University of Algarve one step ahead in Futurália

“I found the courses very interesting and that could be my future for the university”. This is how Manuel […]

“I found the courses very interesting and that could be my future for the university”. This is how Manuel Macilha, 16 years old, from the Educational Institute of Lordemão, Coimbra, comments on the view to the University of the Algarve, in Futurália – Education, Training and Educational Guidance Fair, which took place at FIL, in Lisbon, this week last.

As soon as the doors open, thousands of young people, from different age groups and from various regions of the country, occupy the building's atrium, in a great agitation and animation. There is a lot of hurry to conquer the space, get to know all the offer and gain some contact with the new school reality.

The University of the Algarve (UAlg) is one of the more than 300 higher and professional education institutions, both national and foreign, which were present in the FIL pavilions.

The training offer is disseminated through a wide range of activities, ranging from the provision of traditional information leaflets and school materials, to the use of technologies such as virtual glasses and cameras, and gym equipment, and theater and music shows.

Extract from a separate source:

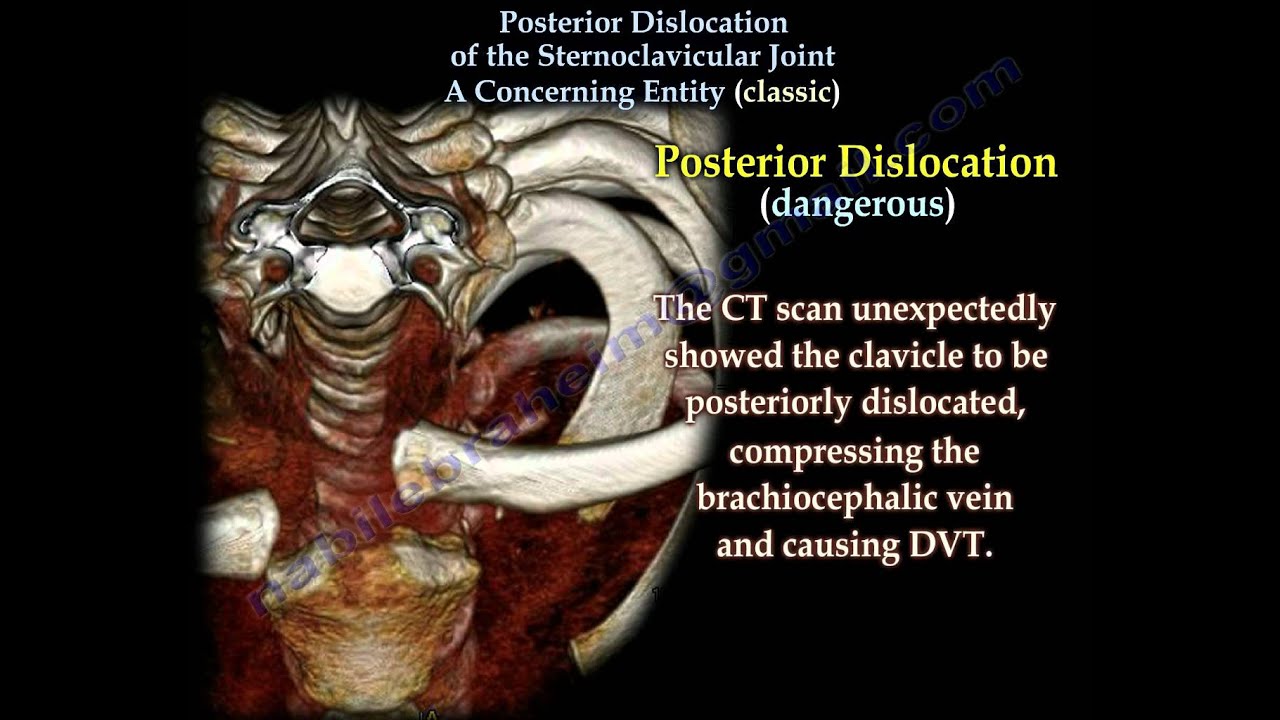 Posterior Dislocation Sternoclavicular Classic-Everything You Need To Know - Dr. Nabil Ebraheim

But the strong point in this meeting between students and colleges and schools that will mark their future is the possibility of talking to volunteers, mostly students, who present their courses and academies better than anyone else.

In this year's edition, UAlg is represented by a team of eleven people. The objective is to transform indecisions into a defined and concrete plan. Manuel Macilha, one of the many undecided, confesses: “I personally don't know where I want to go, so I'm taking the opportunity to see it. So, I have seen courses that interested me a lot”.

Márcia Marcelino, on the other hand, says that “he came with a fixed idea, which was to look for colleges and universities that had to do with medicine”. The 17-year-old student says that she has always had “this mania for keeping medicine in her head”, but that visiting the fair helps her to better understand the available alternatives.

 

Márcia André, a technician from the UAlg Communication and Protocol Office, reveals that the most frequent questions asked by students are related to the “employability rates”, the “professional opportunities”, the specifics of the courses offered by the Algarve academy and, for example, “detail about the medical course”.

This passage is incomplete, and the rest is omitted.